From the line with "SLOPE DRESS BLOOD PLUM" through the line with "Cách sử dụng", inclusive, return each line of the data below exactly and leave the rest out.

════════════════════

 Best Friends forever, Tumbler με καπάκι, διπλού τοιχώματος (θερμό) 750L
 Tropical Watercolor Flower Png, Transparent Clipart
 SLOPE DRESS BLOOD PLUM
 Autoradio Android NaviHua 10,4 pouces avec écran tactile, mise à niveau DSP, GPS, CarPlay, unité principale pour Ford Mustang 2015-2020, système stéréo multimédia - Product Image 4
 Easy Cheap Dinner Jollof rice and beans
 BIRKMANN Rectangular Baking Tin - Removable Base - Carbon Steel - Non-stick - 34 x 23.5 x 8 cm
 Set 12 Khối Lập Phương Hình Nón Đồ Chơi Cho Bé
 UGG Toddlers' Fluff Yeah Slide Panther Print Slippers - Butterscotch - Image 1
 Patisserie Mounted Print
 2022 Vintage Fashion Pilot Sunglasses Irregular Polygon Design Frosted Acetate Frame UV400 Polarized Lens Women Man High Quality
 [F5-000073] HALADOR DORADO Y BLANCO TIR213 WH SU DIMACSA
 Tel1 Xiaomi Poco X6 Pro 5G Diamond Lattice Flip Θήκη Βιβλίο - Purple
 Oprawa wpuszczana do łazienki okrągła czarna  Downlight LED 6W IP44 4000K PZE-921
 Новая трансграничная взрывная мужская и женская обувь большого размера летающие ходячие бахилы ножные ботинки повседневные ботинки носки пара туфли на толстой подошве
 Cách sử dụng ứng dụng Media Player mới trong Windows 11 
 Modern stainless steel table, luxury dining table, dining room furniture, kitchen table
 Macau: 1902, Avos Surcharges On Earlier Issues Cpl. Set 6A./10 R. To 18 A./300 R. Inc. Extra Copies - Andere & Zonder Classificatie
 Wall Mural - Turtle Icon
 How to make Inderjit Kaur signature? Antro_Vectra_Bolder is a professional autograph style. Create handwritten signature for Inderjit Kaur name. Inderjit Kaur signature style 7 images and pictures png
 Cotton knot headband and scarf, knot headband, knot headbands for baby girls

════════════════════

* **Answer section**
 SLOPE DRESS BLOOD PLUM
 Autoradio Android NaviHua 10,4 pouces avec écran tactile, mise à niveau DSP, GPS, CarPlay, unité principale pour Ford Mustang 2015-2020, système stéréo multimédia - Product Image 4
 Easy Cheap Dinner Jollof rice and beans
 BIRKMANN Rectangular Baking Tin - Removable Base - Carbon Steel - Non-stick - 34 x 23.5 x 8 cm
 Set 12 Khối Lập Phương Hình Nón Đồ Chơi Cho Bé
 UGG Toddlers' Fluff Yeah Slide Panther Print Slippers - Butterscotch - Image 1
 Patisserie Mounted Print
 2022 Vintage Fashion Pilot Sunglasses Irregular Polygon Design Frosted Acetate Frame UV400 Polarized Lens Women Man High Quality
 [F5-000073] HALADOR DORADO Y BLANCO TIR213 WH SU DIMACSA
 Tel1 Xiaomi Poco X6 Pro 5G Diamond Lattice Flip Θήκη Βιβλίο - Purple
 Oprawa wpuszczana do łazienki okrągła czarna  Downlight LED 6W IP44 4000K PZE-921
 Новая трансграничная взрывная мужская и женская обувь большого размера летающие ходячие бахилы ножные ботинки повседневные ботинки носки пара туфли на толстой подошве
 Cách sử dụng ứng dụng Media Player mới trong Windows 11 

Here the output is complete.